It was "furlough Friday." Roughly 5 percent of the federal workforce — 115,000 people at six major agencies — were told not to show up as the government dealt with sequester spending cuts.

The good news for many federal workers: a four-day Memorial Day weekend. The bad news: no pay for the day.

The across-the-board budget reductions, the result of Washington's failure to work out a long-term, deficit-cutting plan in November 2011, essentially shut down some government agencies, though it had a negligible impact on others.

The IRS, embroiled in a scandal over agents targeting tea party groups, got a day of quiet. Its offices were closed with more than 90,000 employees furloughed, on one of five days the agency plans to shut down this year to save money.

HUD furloughed nearly its entire staff of more than 8,400 employees, closed its headquarters in Washington and shut down about 80 field offices.

At the Labor Department, spokeswoman Elizabeth Alexander said 437 employees out of about 16,500 were furloughed.
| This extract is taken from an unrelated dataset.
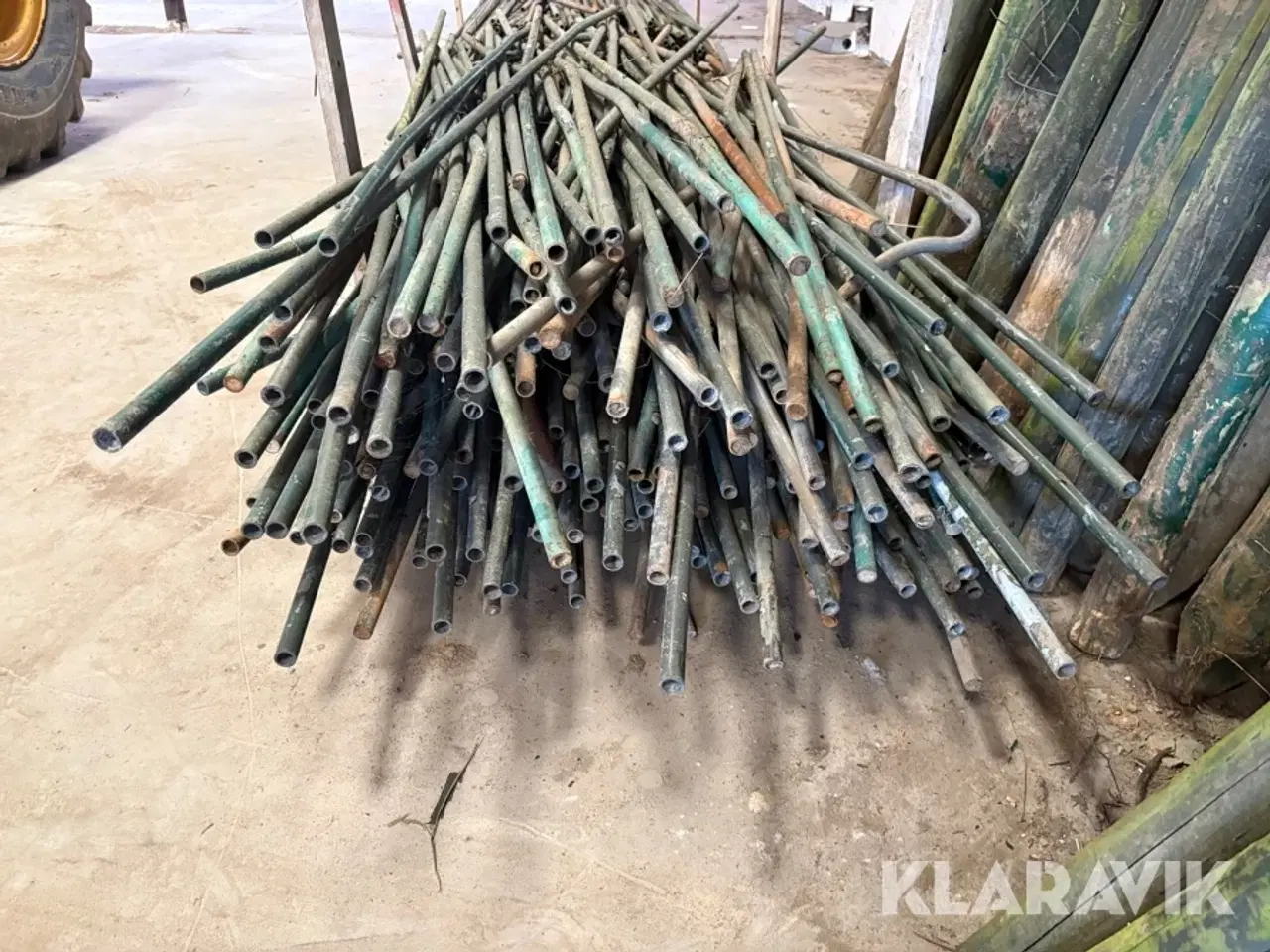 Billede 7 - Pæle til vildthegn ca. 150 styk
She said the layoffs were negotiated between supervisors and employees to have the least possible impact on the agency's operations.

Furloughs also hit the Environmental Protection Agency, the Office of Management and Budget and the Interior Department.

Congress did step in last month to undo furloughs for air traffic controllers after a week of coast-to-coast flight delays, and lawmakers have found money for meat inspectors.